Inside your function you are using the square brackets to reference an index (i
) in your vector means
. Without this, you will only return the mean of the last column.
To get started, here is your function working on some example data:
# Create an example set of data
randomValues <- data.frame("A"=rnorm(100, mean=0), "B"=rnorm(100, mean=5), "C"=rnorm(100, mean=500))
# Create a function to calculate the mean value of each column
meanOfEachColumn <- function(dataframe){
# Initialise a vector to store the calculated means
means <- numeric(length=ncol(dataframe))
# Examine each column in the dataframe
for(column in 1:ncol(dataframe)){
means[column] <- mean(dataframe[, column])
}
return(means)
}
# Calculate the mean of each column
meansOfColumns <- meanOfEachColumn(randomValues)
print(meansOfColumns)
0.04983223 4.93306557 500.21016834
The means[column]
in the above code means that the mean of each column is stored in that position in the vector that is returned.

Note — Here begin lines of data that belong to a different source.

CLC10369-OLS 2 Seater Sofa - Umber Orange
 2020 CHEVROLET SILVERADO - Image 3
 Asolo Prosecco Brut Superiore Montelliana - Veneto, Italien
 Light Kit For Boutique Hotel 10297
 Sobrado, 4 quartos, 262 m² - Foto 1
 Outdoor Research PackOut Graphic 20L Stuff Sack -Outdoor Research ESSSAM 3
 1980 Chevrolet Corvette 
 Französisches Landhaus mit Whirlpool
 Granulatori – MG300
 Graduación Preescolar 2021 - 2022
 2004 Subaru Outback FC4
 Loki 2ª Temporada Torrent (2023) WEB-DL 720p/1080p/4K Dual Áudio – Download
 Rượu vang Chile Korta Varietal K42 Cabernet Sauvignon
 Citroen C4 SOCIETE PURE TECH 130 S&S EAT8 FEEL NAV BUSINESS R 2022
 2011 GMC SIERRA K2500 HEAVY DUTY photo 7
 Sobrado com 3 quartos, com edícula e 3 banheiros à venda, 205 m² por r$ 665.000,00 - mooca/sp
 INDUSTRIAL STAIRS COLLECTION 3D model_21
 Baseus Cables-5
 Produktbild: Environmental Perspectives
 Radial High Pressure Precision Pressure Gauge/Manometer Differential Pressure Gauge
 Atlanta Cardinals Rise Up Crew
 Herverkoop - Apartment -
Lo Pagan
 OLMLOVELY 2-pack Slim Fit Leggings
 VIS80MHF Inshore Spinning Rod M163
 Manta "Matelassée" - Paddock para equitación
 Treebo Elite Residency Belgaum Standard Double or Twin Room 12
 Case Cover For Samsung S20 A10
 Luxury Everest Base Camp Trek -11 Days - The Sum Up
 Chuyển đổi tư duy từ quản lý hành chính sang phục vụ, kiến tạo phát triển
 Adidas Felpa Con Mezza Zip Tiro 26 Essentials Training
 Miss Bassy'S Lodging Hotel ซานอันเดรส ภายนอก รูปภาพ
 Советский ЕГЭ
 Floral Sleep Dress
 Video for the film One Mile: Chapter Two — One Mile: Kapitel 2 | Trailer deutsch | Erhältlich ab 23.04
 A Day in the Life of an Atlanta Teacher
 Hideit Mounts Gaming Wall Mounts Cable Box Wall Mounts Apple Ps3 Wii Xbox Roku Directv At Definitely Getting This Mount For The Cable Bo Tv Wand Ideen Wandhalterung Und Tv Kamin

Without it you would get the following:
# Create a function to calculate the mean value of each column
meanOfEachColumn <- function(dataframe){
# Initialise a vector to store the calculated means
means <- numeric(length=ncol(dataframe))
# Examine each column in the dataframe
for(column in 1:ncol(dataframe)){
means <- mean(dataframe[, column])
}
return(means)
}
# Calculate the mean of each column
meansOfColumns <- meanOfEachColumn(randomValues)
print(meansOfColumns)
500.2101
Which you'll notice is the mean of the last column in the example dataframe randomValues
. This means the vector of means (means
) has been replaced the mean of the last column in the dataframe.
Also, as a general note you should try and have a reproducible example alongside your question. See this post for more details.
Lastly, there is a function in R that already calculates the mean of every column in a dataframe:
meansOfColumns <- colMeans(randomValues)